The group has posted the original mural in their website:
Titled “press freedom”, the 8 by 32 feet mural is now displayed at the NPC with the alterations.
A news report features the two conflicting sides, with an NPC official admitting that:
He said some of the changes suggested by Mabasa concerned “leftist leanings” in some of the images. This included the removal of the name of missing activist Jonas Burgos in the final artwork and the alteration of the headline identifying him as the son of a press freedom fighter.
He said the group also decided to remove the IFJ statement in the central image but said that it was the artist who decided to put the picture of a “bird-monster in a cage.”
The controversy however has spurred Filipino bloggers’ interest, with some expressing surprise that the NPC, a journalists’ organization, resorted to censorship or changes in the original work without informing the artists first.
According to Blue Pencil Chronicles, the original mural was:
a very compelling representation of the past and current state of Press Freedom here in the Philippines, what with freedom fighters Chino Roces, Marcelo del Pilar, Ninoy Aquino, Eugenia Duran-Apostol, Letty Jimenez Magsanoc and several others depicted in the painting.
The artists’ petition — which spoke about the artists’ “outrage, revulsion and protest” over the alterations — has been reposted in a growing number of blogs like: Pitong Pulgadang Produksyon, Glenn in progress, StudenStrike, The Phoenix, Listen to the beat, and the Tinig.com online magazine.

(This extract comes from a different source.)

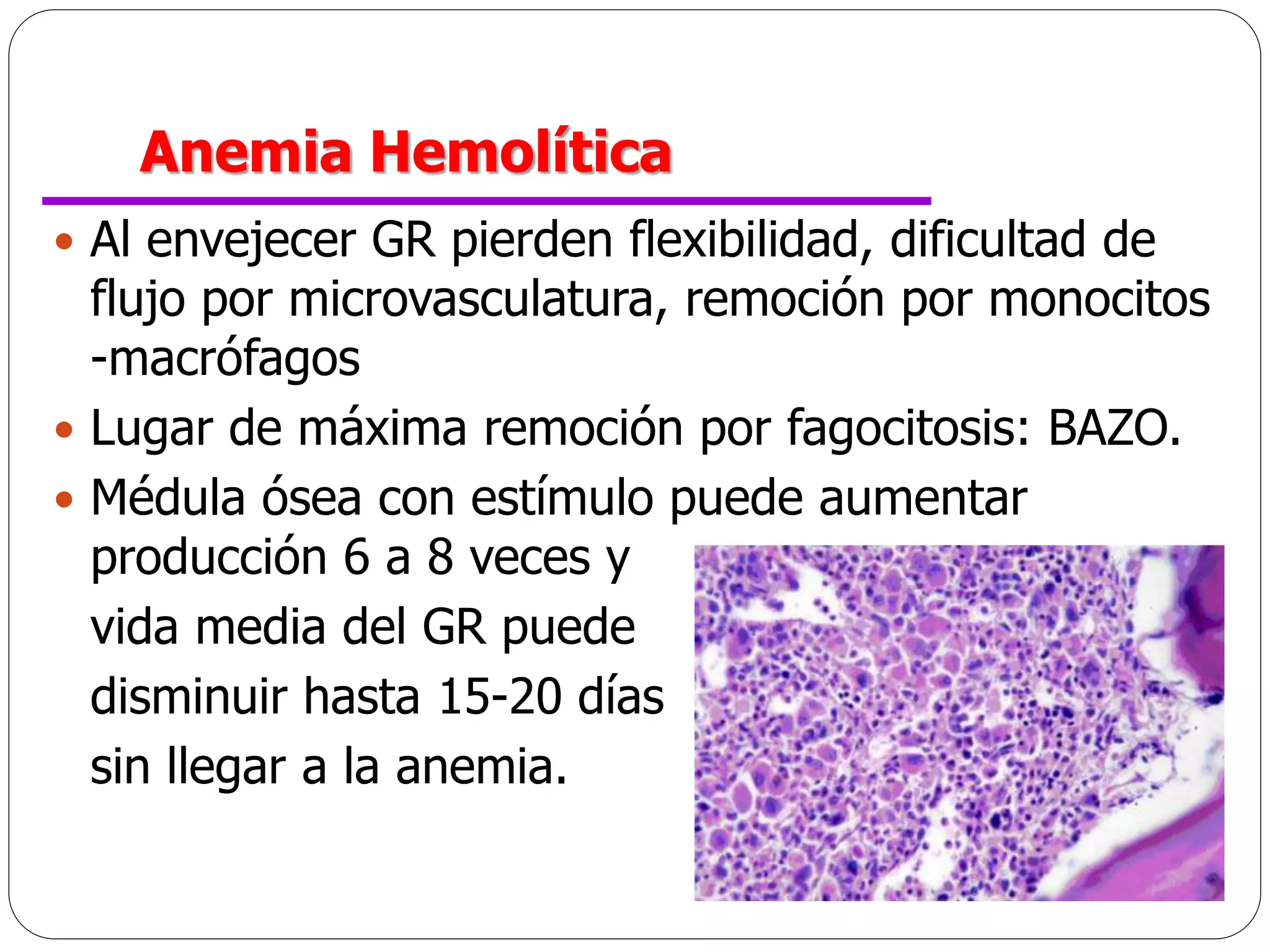 Anemias HEMOLÍTICA.ppt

mackybaka also reposts the petition but adds that:
Ka Antonio Zumel (who was NPC President when Martial Law was declared and escaped arrest by swimming the Pasig River) must be rolling around his grave if he ever hear of this downright desecration of the freedom of expression and of the press.
Zumel was an activist journalist who became president of the NPC and is considered an icon of press freedom and progressive journalism.